The downsides include the aforementioned lack of job security. Most jobs have a one week notice period for either side. Also, you are always on the outskirts of the work place as the temp worker, which can be a bit disheartening.

The Scourge of Job Hunting

The job market in London, for every field, is completely dominated by recruitment companies. They are a real double edged sword. The benefits are that the job hunting process is significantly faster - different recruiters specialise in different things so if you are signed up with the right ones, they will be contacting you all the time with jobs. In other words, they take all the effort out of job hunting. And because the application/interview/offer process is so fast, you don't have to bother with pesky stuff like application letters. They do the leg work for you.

But you always have to remember that recruiters will put their own interests ahead of yours. Most often they get a hefty payment when they find you a job and, this shocked me when I first got here, they take a cut from your hourly rate as well. To emphasise: every hour you work, they make more money. I know for a fact that my previous recruiter was skimming a whopping £8 an hour off what my employer was paying them for my hourly services, and think of what that adds up to over 10 months of work. It makes me sick.

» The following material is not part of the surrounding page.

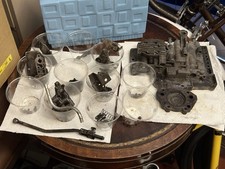 Dodge A904 32RH Valve Body 52118405 04617102 ...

Recruiters can be extremely cunning and manipulative creatures. Unfortunately, the way the system is set up, they have to be or they will get screwed over by a fellow creature who is. I have had recruiters ring me about the same job offering completely different rates. This depends on the standard size of the agency's cut. They are all over you like a rash when you are looking for work, but you hardly ever hear from them again once you're working. They are terrible at giving feedback - don't expect to hear anything from them when they put you forward for a job unless you get an interview. They can be very pushy and will try and encourage you to apply for jobs that are totally unsuitable, just so they have a sufficient number of CVs to show the employer.

What can you do about this? Not much. You just have to play the game and make them work as hard for you as possible. Sign up with a lot of different agencies and make them compete to be the one who puts you forward for a job. Don't let yourself be put forward for jobs that you don't want. Ask them if rates are negotiable and push them to get you more money. They will always be trying to get as bigger cut as possible.

Well, that's all I have for the moment, but if I can think of anything else that is useful I'll post an update. Not much else going on generally, as I have gone into semi-hibernation for the winter. My chosen place of hibernation is our lovely new flat, which is very warm and cosy and as a friend says, much more 'something out of a Richard Curtis film' than our previous place of abode:



Cozy. Hope everyone else is enjoying the summer....don't let the blue sky in this photo deceive you, it's freezing here.